Religious preacher Zakir Naik on Tuesday claimed that investigating agencies in India were trying to pin charges on him on the instructions of their “political bosses”, PTI reported.

Naik made the statement as the Enforcement Directorate was reportedly set to send requests for an Interpol Red Notice against Naik and for his extradition from Malaysia.

Last month, the Enforcement Directorate had filed a chargesheet against Naik on charges of money laundering of around Rs 193 crore and creating illegal real estate assets in India and abroad. The money laundering inquiry was based on a first information report filed by the National Investigation Agency against Naik and others for allegedly indulging in unlawful activities by promoting enmity and hatred between different religious groups through provocative messages, The Hindu had reported.

“Any rational mind will see that the Indian agencies are not being driven by their duty of solving a crime but by the will of their political bosses,” IANS quoted Zakir Naik’s statement as saying. “Fortunately for me, Interpol is not driven by Indian politics. Somehow they are not convinced about my ‘crime’ the way Indian agencies have been claiming.”

Naik accused agencies of “trying to pin something, some charges, any charges” on him. He said when terror charges did not work with the Interpol, agencies in India charged him with money laundering. “Despite pressures from India, the Interpol has not issued a RCN [Red Corner Notice], and now the agencies are trying their luck with money-laundering to get them to comply.”

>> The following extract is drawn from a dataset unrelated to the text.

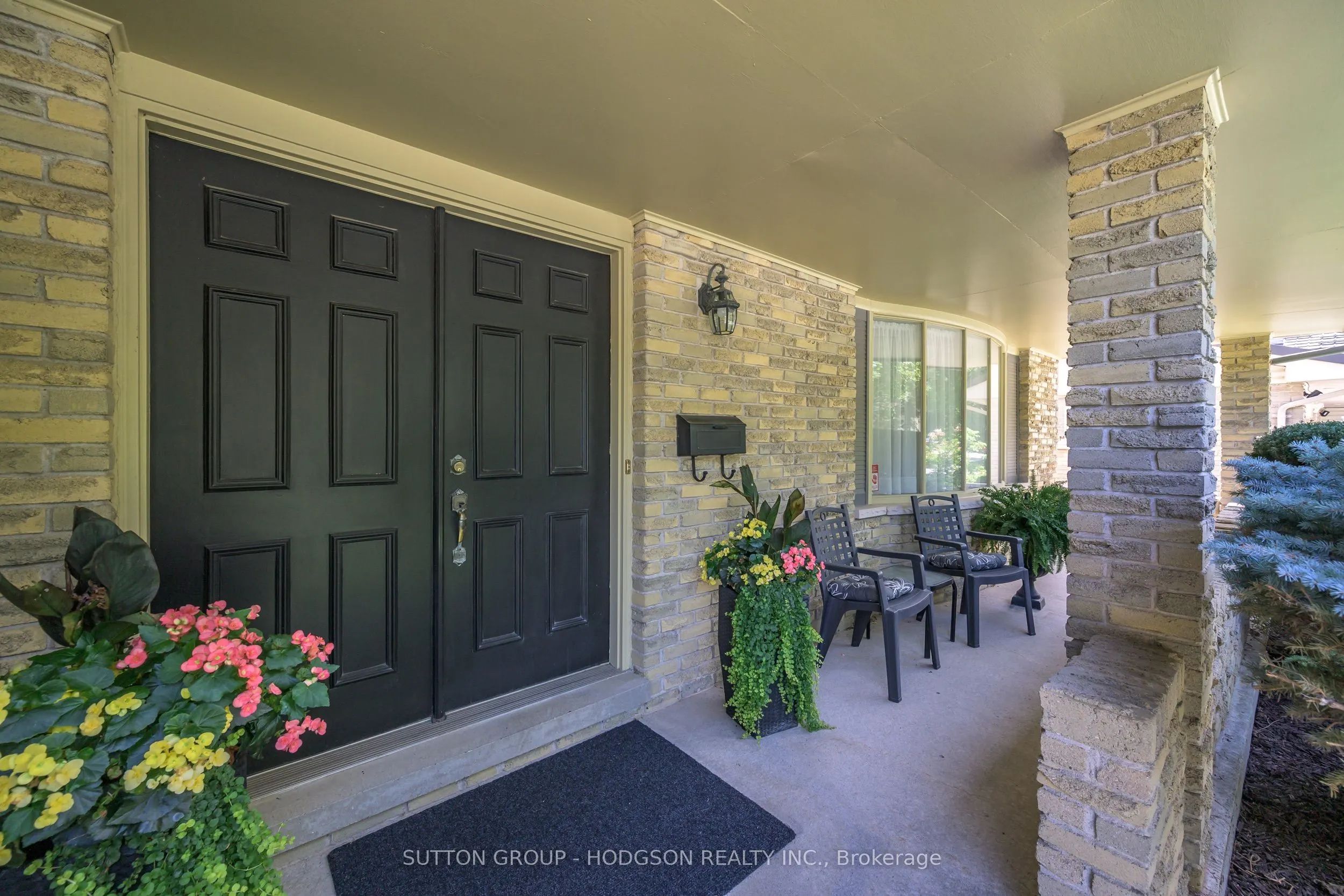 738 Cranbrook Road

Naik said he was willing to return to India if the Supreme Court gave it to him in writing that he will not be arrested till he is convicted. Naik said he trusted the Indian judiciary, but had no faith in the prosecution system.

“Despite allegations and complaints, there is not a single verdict against me in any court anywhere in India or the world,” he said.

Naik, who has a permanent residency permit in Malaysia, has been on the Indian government’s radar ever since allegations arose that he had inspired one of the terrorists behind a Dhaka restaurant attack on July 1, 2016. He was also accused of meeting two brothers from Kerala who were among those who went missing in West Asia and were feared to have joined the Islamic State group. On November 15, 2016, the Centre banned Naik’s Islamic Research Foundation with immediate effect.